A semana econômica será marcada pela atenção voltada às decisões dos comitês de política monetária do Brasil (Copom) e dos Estados Unidos (Federal Reserve – Fed). A expectativa predominante no mercado é de que ambas as autoridades mantenham suas taxas de juros básicas inalteradas. No entanto, analistas do Bank of America (BofA) apontam para a possibilidade de um corte de 0,50 ponto percentual na Selic já nesta semana, indicando uma divisão de opiniões e a busca por sinais de afrouxamento monetário.

Criptomoedas em Queda e Destaques do Mercado

O universo das criptomoedas apresenta um cenário de recuo. O Bitcoin (BTC) registrou uma queda de quase 7% na semana, enquanto o Ethereum (ETH) teve uma desvalorização ainda mais acentuada, de 12%. Paralelamente, o mercado acionário brasileiro viu a Cogna (COGN3) liderar os ganhos no Ibovespa, com apenas duas ações apresentando desempenho negativo. Outros destaques incluem o Mercado Livre (MELI34) ampliando seus investimentos na indústria musical e um fundo imobiliário sendo considerado uma compra pela XP devido ao seu elevado desconto e dividendo robusto.

Novidades Corporativas e Setoriais

No setor corporativo, a Mastercard anunciou a liquidação de dívidas do BRB, passando a deter 6,93% do capital do banco. A Gafisa (GFSA3) elegeu Luis Fernando Ortiz como seu novo diretor-presidente. No agronegócio, o Rabobank emitiu um ‘alerta amarelo’ devido à expansão do etanol de milho no Brasil, e uma crise nas sementeiras, a arrancada para o boi e temores para o setor de etanol também foram destacados. Uma lei que visa combater o desperdício de alimentos, colocando supermercados no centro da iniciativa, também ganhou relevância.

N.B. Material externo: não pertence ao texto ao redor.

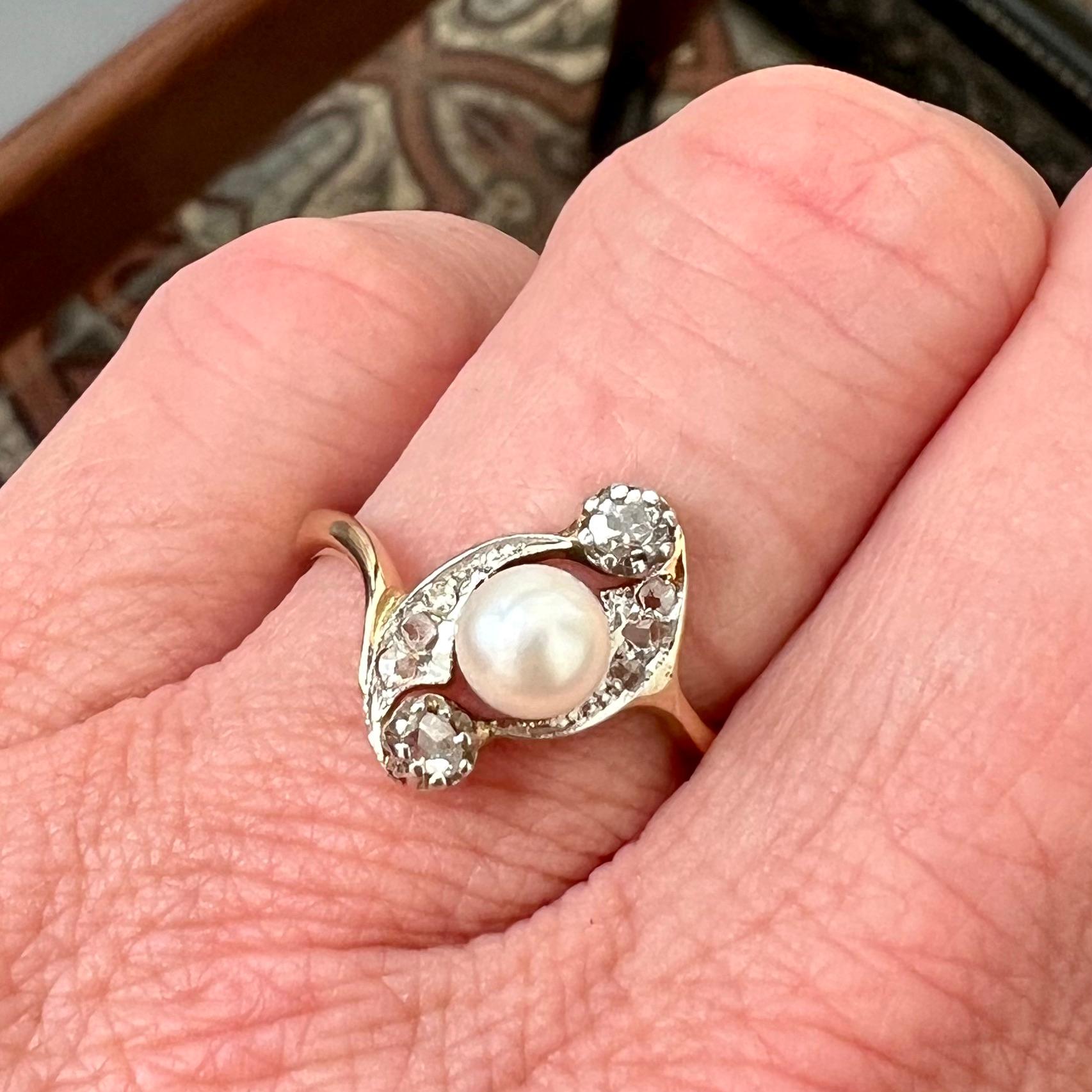 Taille rose Bague ancienne Belle Époque en or jaune 14K avec perle et diamants taillés en rose en vente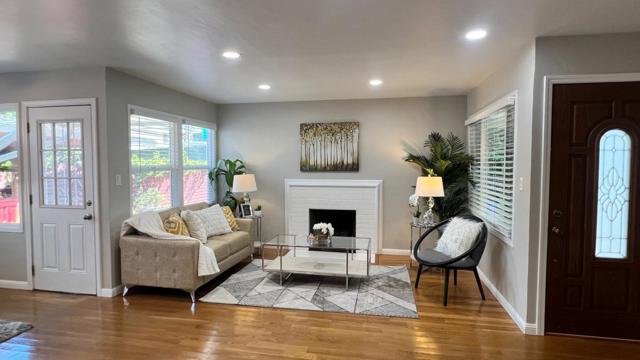 15958 Via Descanso, San Lorenzo CA: https://media.crmls.org/mediaz/a0457982-bce7-446a-8085-aced6993e954.jpg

Eventos Históricos e Geopolíticos

Em uma nota histórica, lembrou-se um experimento meteorológico de 31 anos atrás que quase resultou em uma guerra nuclear. No cenário geopolítico, as ameaças do ex-presidente Donald Trump de impor tarifas de 100% ao Canadá caso este faça acordo com a China e a sua diplomacia centralizada que desconcerta aliados, tanto da Groenlândia à Ucrânia, foram mencionados.